You’ve invested a lot in your oil painting brushes, and one of the best ways to maintain them is to keep them clean, says artist Katie Liddiard. Follow Katie’s step by step process for keeping your brushes in tip-top shape to last many years, if not a lifetime, by cleaning them at the end of each day in the studio.
First, rinse your brush in artist-grade mineral spirits, such as Gamsol or Turpenoid. Get as much paint as you can out of the brush in this rinse, and dry it on a paper towel. Next, using a good soap made for brushes (such as Jack’s Linseed Oil Studio Soap), work the soap into the ferrules of the brush. Oil paint can get trapped underneath the metal ferrule; Katie uses her fingers to try to pull that paint out as she works the soap in. You’ll see the paint seep out from the ferrule. Rinse the brush in water and repeat this process with soap, working it into the bristles as well, until you’ve gotten as much paint as you can out of the brush. Rinse in the used water once more and then in a bowl of fresh water.

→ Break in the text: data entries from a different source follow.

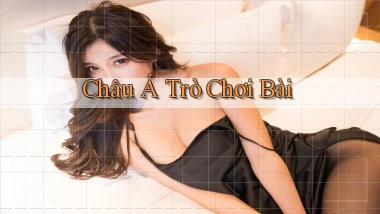 Châu Á Trò chơi bài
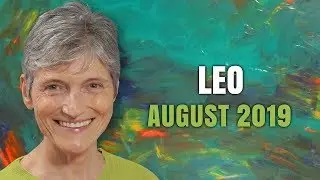 Leo August 2019 Astrology Horoscope Forecast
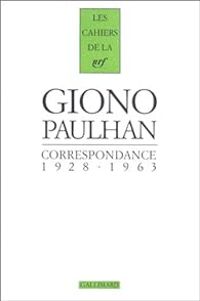 Couverture du livre Correspondance (1928-1963)  - Jean Giono - Jean Paulhan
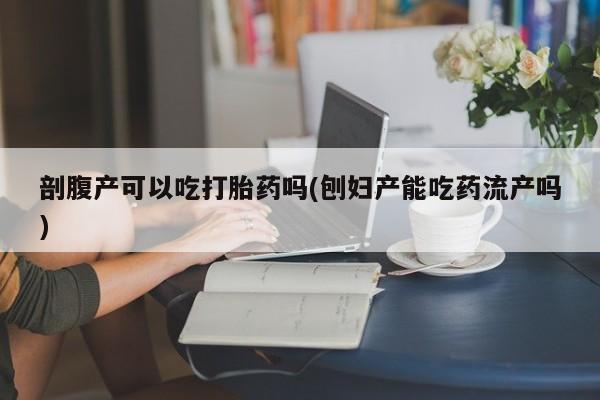 打胎药剖腹产可以吃打胎药吗(刨妇产能吃药流产吗)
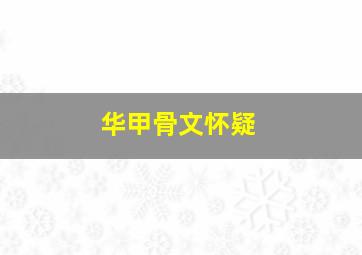 华甲骨文怀疑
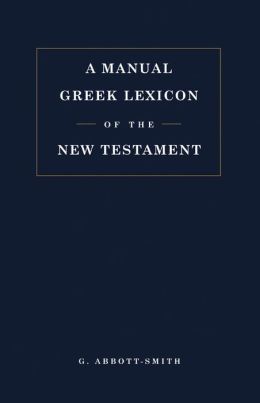 A MANUAL GREEK LEXICON OF THE NEW TESTAMENT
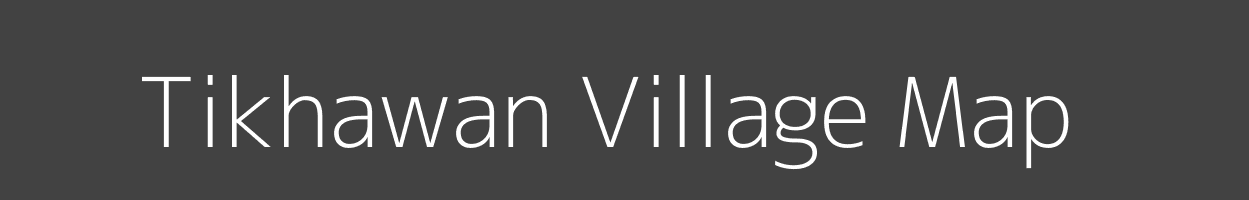 Map of Tikhawan Village in Madhya Pradesh Image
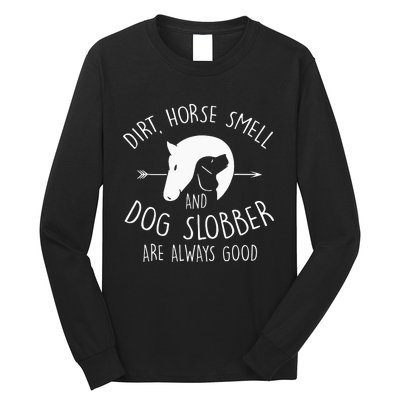 Dirt Horse Smell & Dog Slobber Horse Lover Gift Long Sleeve Shirt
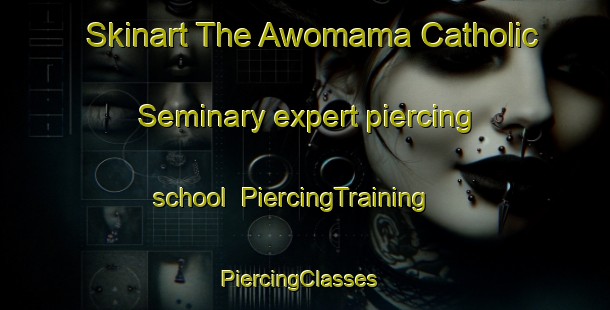 Skinart The Awomama Catholic Seminary expert piercing school | PiercingTraining | PiercingClasses | SkinartTraining-Nigeria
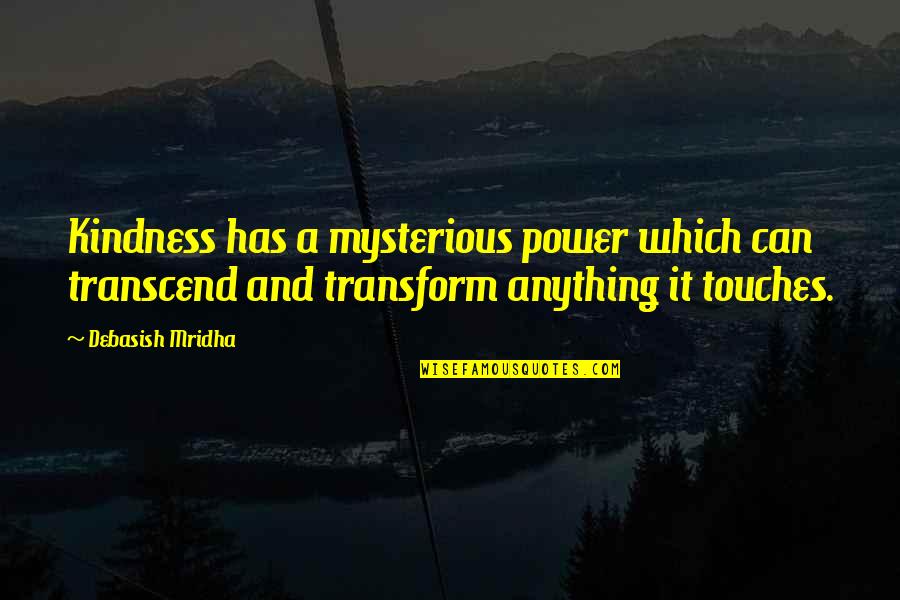 Opposite Attracts Love Quotes By Debasish Mridha: Kindness has a mysterious power which can transcend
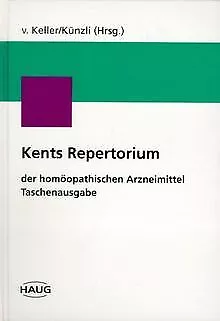 Kents Repertorium der homöopathischen Arzneimittel ... | Buch | Zustand sehr gut
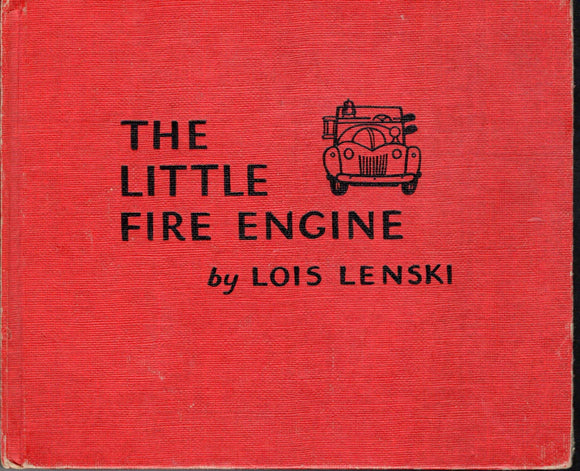 The Little Fire Engine (Used Hardcover) - Lois Lenski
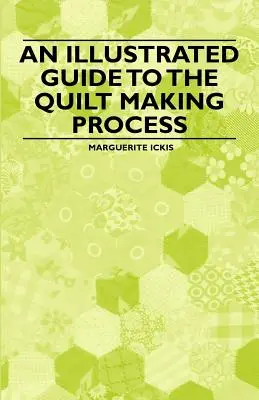 Un ghid ilustrat al procesului de realizare a cuverturilor - An Illustrated Guide to the Quilt Making Process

Next, Katie recommends getting as much water out of the brush as you can. Start with a paper towel and squeeze the bristles to draw out as much water as possible. If desired, you can then let the brush dry, or dip into a brush restorer product or hair conditioner to help restore some of the oils to the bristles. Dip and reshape your brush and lay it down on a flat surface to dry overnight. Clean all of your brushes with this process and they’ll be ready for you to paint with when you return to the studio!